I should have made the last line " ... without intervention and with _Varroa_​ susceptible bees".


----------



## crofter (May 5, 2011)

It would be fairly safe to say, though, that susceptible bees are the representative majority, would it not? According to one retired apiary inspector who runs about a hundred hives in northern ontario, first year survival absolutely untreated is quite common, second year rare and third year very rare. This was for new beekeepers so inexperience could well be a contributor. 

There are several strains of varroa with different potentials for harm (Korean vs Japanese and harboring different strains of DWV), plus different bee breeds with different habits that can greatly affect mite breeding success. I can see different possible scenarios that would result in a variance with the model proposed, yet the three year disclaimer to define TF success may be a fairly reasonable _rule of thumb_ to at least be considered by someone setting out on that path.

Edit: I see Fatshark has posted while I was pecking away.


----------



## lharder (Mar 21, 2015)

Some people requeen every year. Does this 3rd year survival allow for new queens to be introduced?

I'm asking because I had one hive die of what looks like queen failure. If I requeened every year that hive might be alive. I don't because I want to raise queens that can make it through their second year without failing and beyond if possible. I could have joined it with a nuc this fall, but I'll just repopulated with an overwintered nuc. 
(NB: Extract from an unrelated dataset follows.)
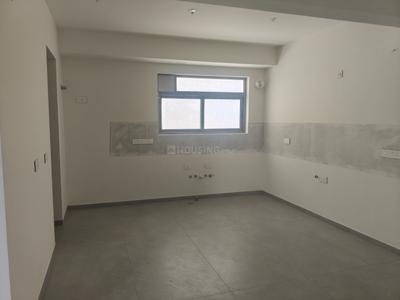 Kitchen Image of 2400 Sq.ft 3 BHK Apartment / Flat for sale in Sobha Marina One, Marine Drive Kochi for Rs. 41500000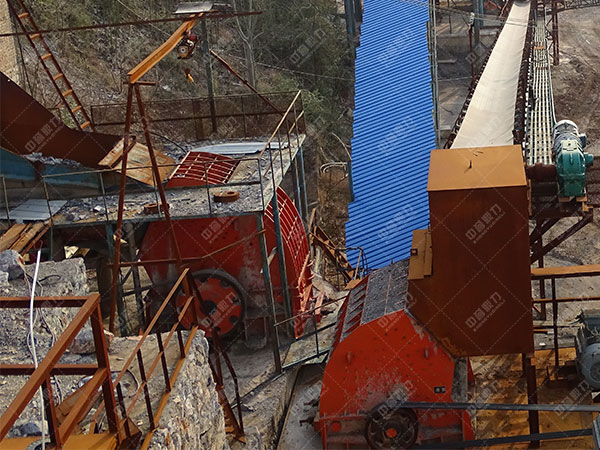 �Nʽ����C(j��)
I'm interested in what this mite buildup does to new nucs that are started. Will the success of overwintered nucs derived from tf stock go down with the seasons? A more important question in terms of long term probable success.


----------



## JRG13 (May 11, 2012)

I don't see the 2-3 year build up here. It's pretty much a single year buildup to crash a hive. There's a few who advocate resetting the clock if you make it that far into year 2 or 3, either by requeening or making a split and simulate swarming the old queen into new equipment and foundation. I don't believe in requeening at this stage of the game yearly as I like to look at longevity, but it's not a bad idea to create a broodbreak late spring or early summer by requeening. I do have some swarm queens and bought queens going into their 4th year despite my neglect in treating early etc... so that is exciting sometimes but their mite resistance is leaving much to be desired.


----------